Gwinnett unlikely to change transit plan ahead of ATL deadline

Local residents attend a Gwinnett County public open house and information session on its proposed transit plan in April. Curtis Compton,ccompton@ajc.com

Credit: ccompton@ajc.com

Credit: ccompton@ajc.com

Local residents attend a Gwinnett County public open house and information session on its proposed transit plan in April. Curtis Compton,ccompton@ajc.com

Don’t expect significant changes to Gwinnett’s existing transit plan — the same one tied to March’s failed referendum —  before the deadline to submit projects for inclusion in metro Atlanta’s larger regional plan.

There may not be the will. And there’s definitely not enough time, county Commission Chair Charlotte Nash said Tuesday.

A primary mission for the new state agency known as the ATL — or Atlanta-region Transit Link Authority — is to create a comprehensive transit plan for the entire 13-county region it represents.  The authority will incorporate project proposals from participating counties and plans to solicit them in June or July, ATL interim executive director Chris Tomlinson told Nash and colleagues during a Tuesday afternoon briefing.

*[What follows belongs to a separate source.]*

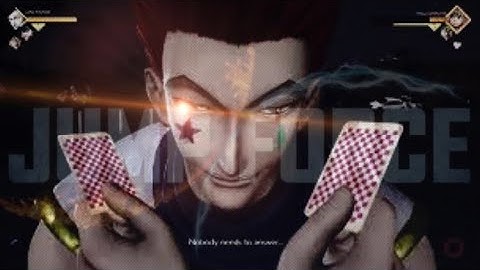 Jotaro and Dio Teams With Hisoka to Take on Jumpforce Online Ranked Battles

Gwinnett's existing plan, which was created prior to the decision to call the county's referendum, will serve as the county's guide for projects submitted to the ATL. That fact is not altogether surprising: the plan took nearly two years to create and involved multiple rounds of public input.

But the referendum's failure during March's special election and the surrounding debate about what was included in the multibillion dollar proposal — everything from a rail extension into Norcross and multiple bus rapid transit lines to new Express routes and park-and-ride lots — raised questions about potential changes before next steps were decided.

That’s unlikely to happen. At least before the rapidly approaching ATL deadline.

“Having used the public participation process that we did to create the plan, in my mind if we’re gonna make any kind of substantive change to the plan, we really owe the public a chance to go back through that process,” Nash said.

“So the timing just dictates that we go with what’s been through the process already.”

Tomlinson said the ATL’s goal is to have the first regional plan assembled by December. That’s important because the same state law that created the ATL requires counties wishing to call a public referendum on a 30-year transit-funding sales tax to present a specific list of projects to voters.

Those projects must already be included in the regional plan.

Despite a fair degree of push back, Nash has maintained that she hopes Gwinnett will see another transit referendum in the near future — possibly as soon as next year.

“I think our biggest problem was we didn’t do as good a job as we could have, perhaps, with articulating to voters clearly what’s in the plan,” Nash said. “I know I continue to see comments that indicate people had no idea the service that was going to be available close by to where they live or work.”